Public School Councils Announce Elections
The Department of Education (DOE) has begun the nomination process for the 2007 Community and Citywide Education Councils (CECs) elections, announced Schools Chancellor Joel I. Klein.
The 32 CECs, successors to the now defunct Community School Boards, along with the Citywide Council on High Schools and the Citywide Council on Special Education, ensure that parents have a hands-on role in the education system, according to Klein.
"Our parent leaders are critical partners in ensuring the success of our schools," said Chancellor Klein. "They provide leadership for their communities and advise me on major policy questions. Their insight into challenges facing our public schools has been invaluable to me and to school leadership teams. Their work with elected officials has helped secure additional resources for schools in their districts."
Council members represent parents and the general public in their districts and play a key role in advising school communities on important policy issues. All councils hold monthly public meetings, sponsor forums on pertinent educational issues, and review the DOE's annual capital plan in order to make recommendations on spending priorities.
CECs help to evaluate their community superintendents and approve zoning changes in their districts.
The Citywide Council on High Schools must also submit an annual report on the state of the city's high schools.
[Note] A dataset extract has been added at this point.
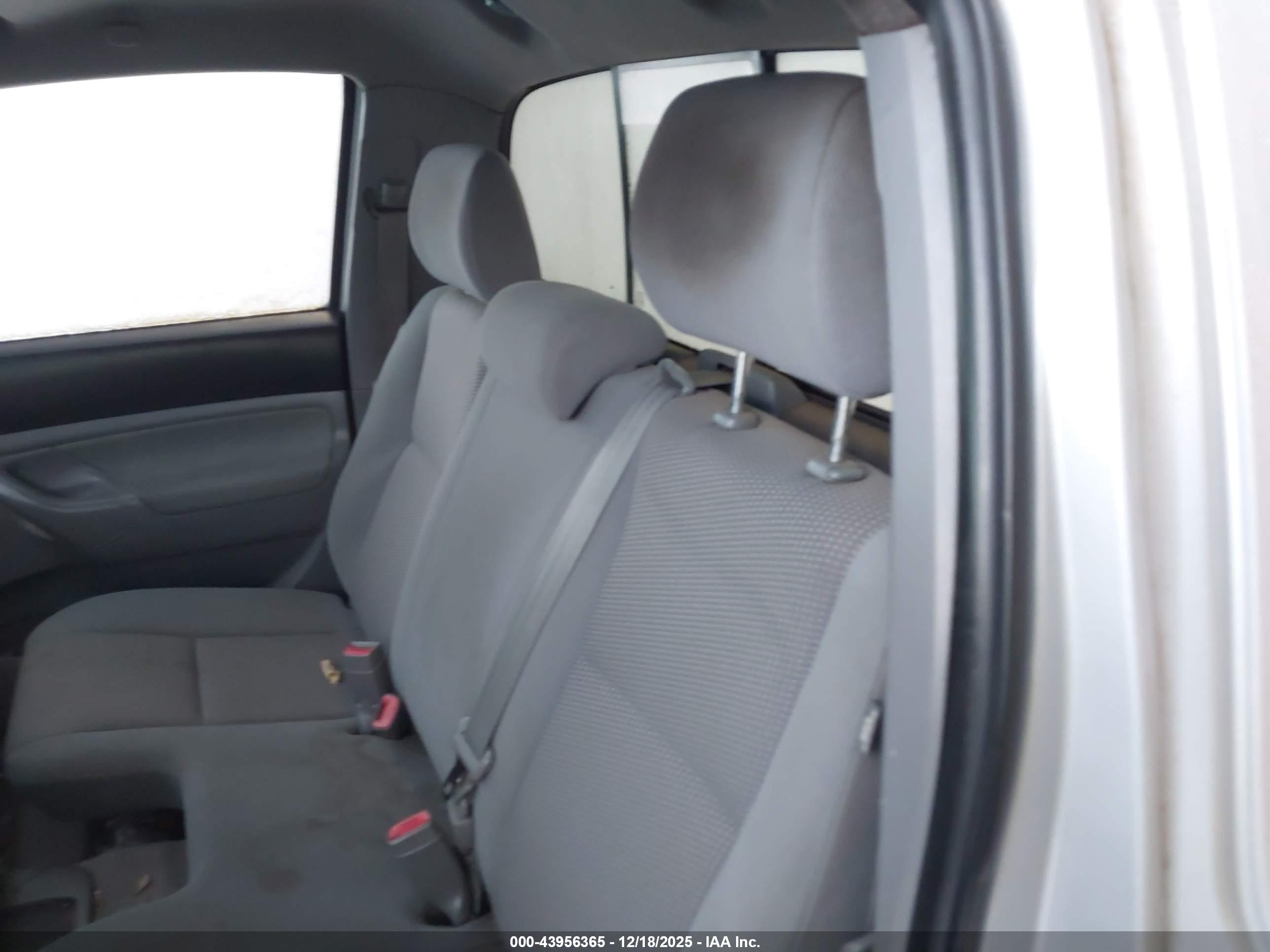 TOYOTA TACOMA image 8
Similarly, the Citywide Council on Special Education is responsible for preparing a yearly report reviewing special education services citywide and outlining improvement recommendations.
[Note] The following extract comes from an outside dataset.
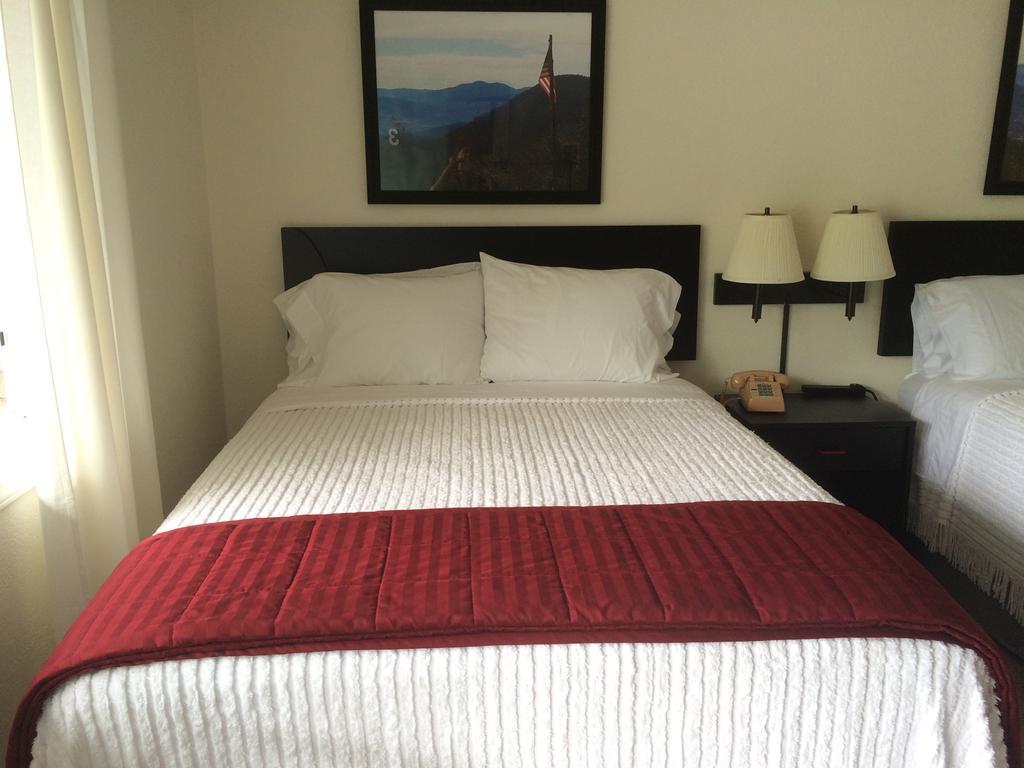 Deluxe Queen Room with Two Queen Beds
All parents of New York City public school children are eligible for a two-year term on their local CEC or one of the two citywide councils. Each CEC consists of nine elected parents, two Borough President appointees, and one non-voting high school senior who lives in the district.
The Citywide Council on High Schools includes ten parents and one high school student. Nine parents of students receiving special education services in District 75, two Public Advocate appointees, and one non-voting high school senior in District 75 make up the Citywide Council on Special Education.
The councils' 2007-2009 term begins July 1, 2007. Officers of parent and parent-teacher associations vote in May. Parents can obtain an application, which is due March 9, 2007, by contacting their Parent Coordinator or visiting the councils' website at www.schools.nyc.gov/councils . More information is available by calling 311 or the councils' hotline at 1-800-850-6443.